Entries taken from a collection
★ ★ ★ ★ ★
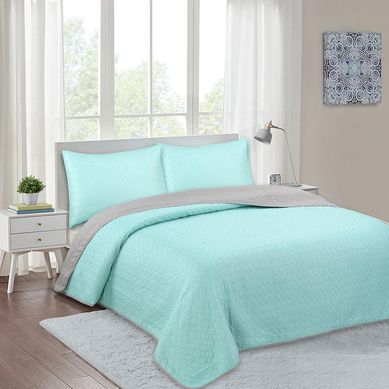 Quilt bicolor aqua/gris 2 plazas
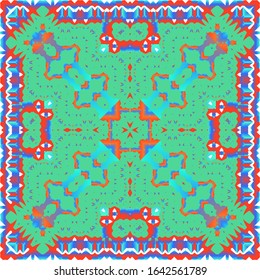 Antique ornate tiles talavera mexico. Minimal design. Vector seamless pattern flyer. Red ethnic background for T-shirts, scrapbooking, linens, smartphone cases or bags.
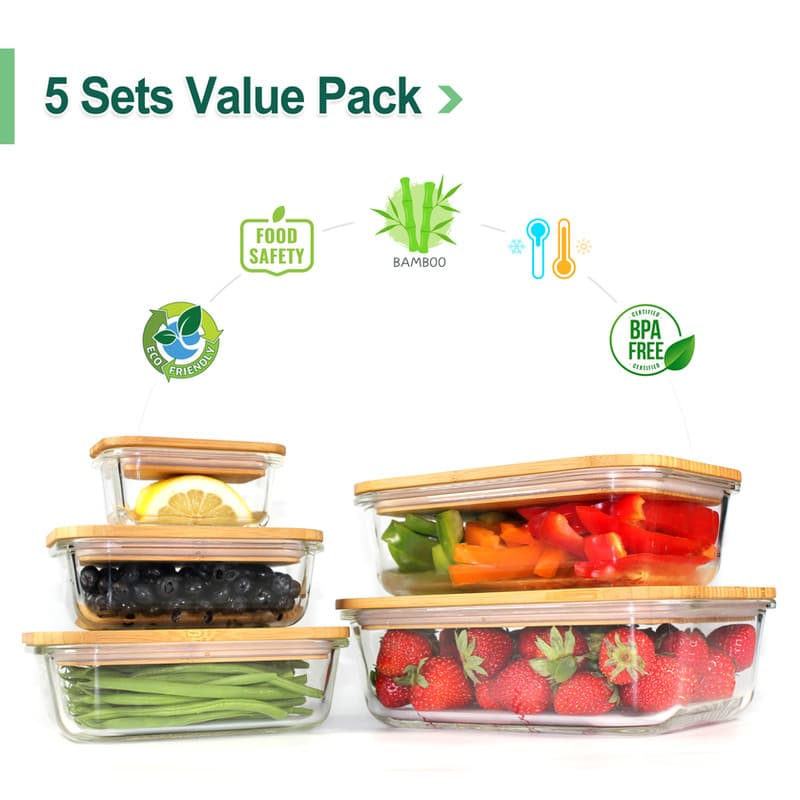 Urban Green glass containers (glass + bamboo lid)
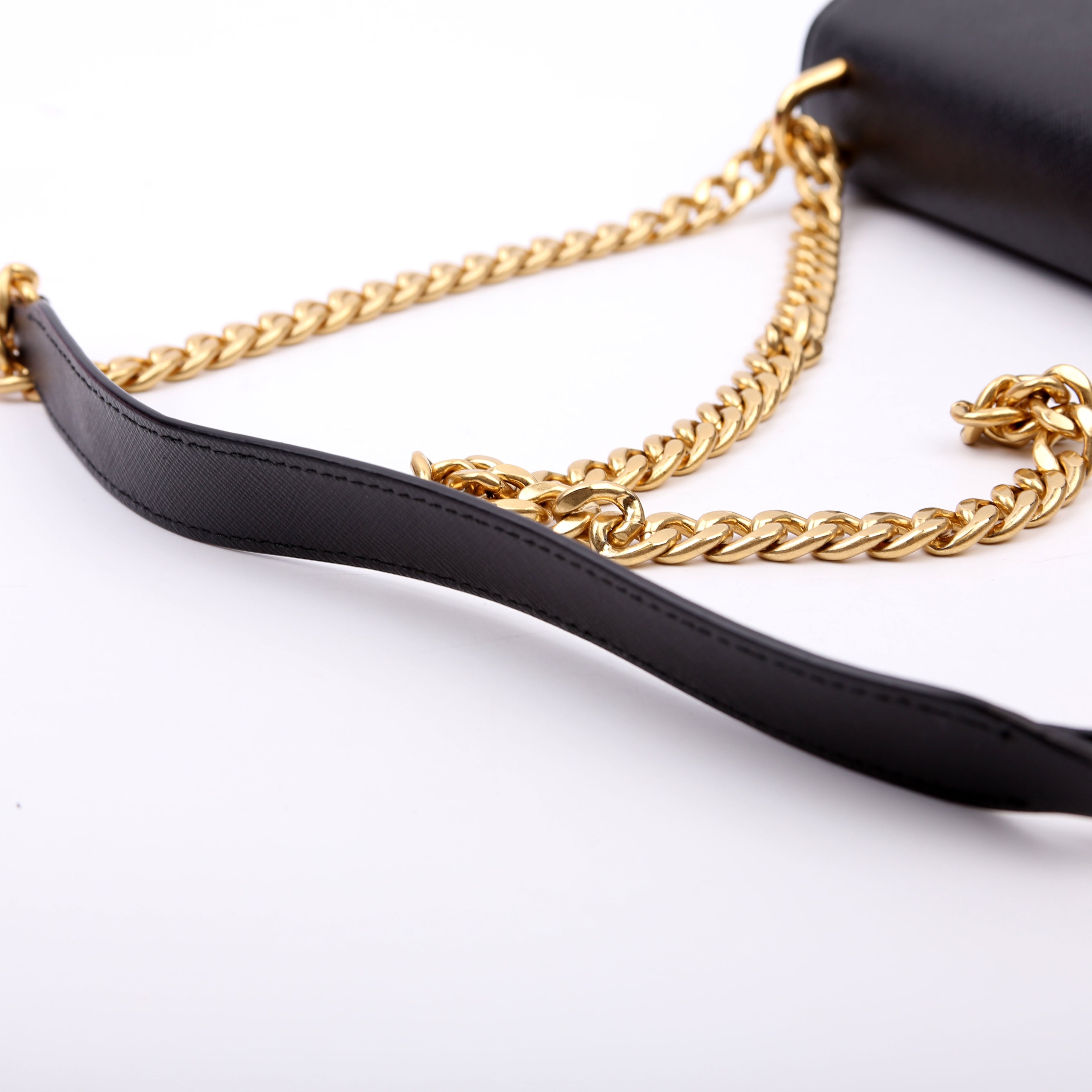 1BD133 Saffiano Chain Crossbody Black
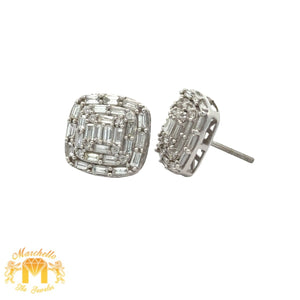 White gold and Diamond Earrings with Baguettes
★ ★ ★ ★ ★
* **Problem to solve**
Excluding the pictures, retype the line containing "Antique ornate tiles" and all lines after it down to the end of the data above.

* **Written reply**
 Antique ornate tiles talavera mexico. Minimal design. Vector seamless pattern flyer. Red ethnic background for T-shirts, scrapbooking, linens, smartphone cases or bags.
 Urban Green glass containers (glass + bamboo lid)
 1BD133 Saffiano Chain Crossbody Black
 White gold and Diamond Earrings with Baguettes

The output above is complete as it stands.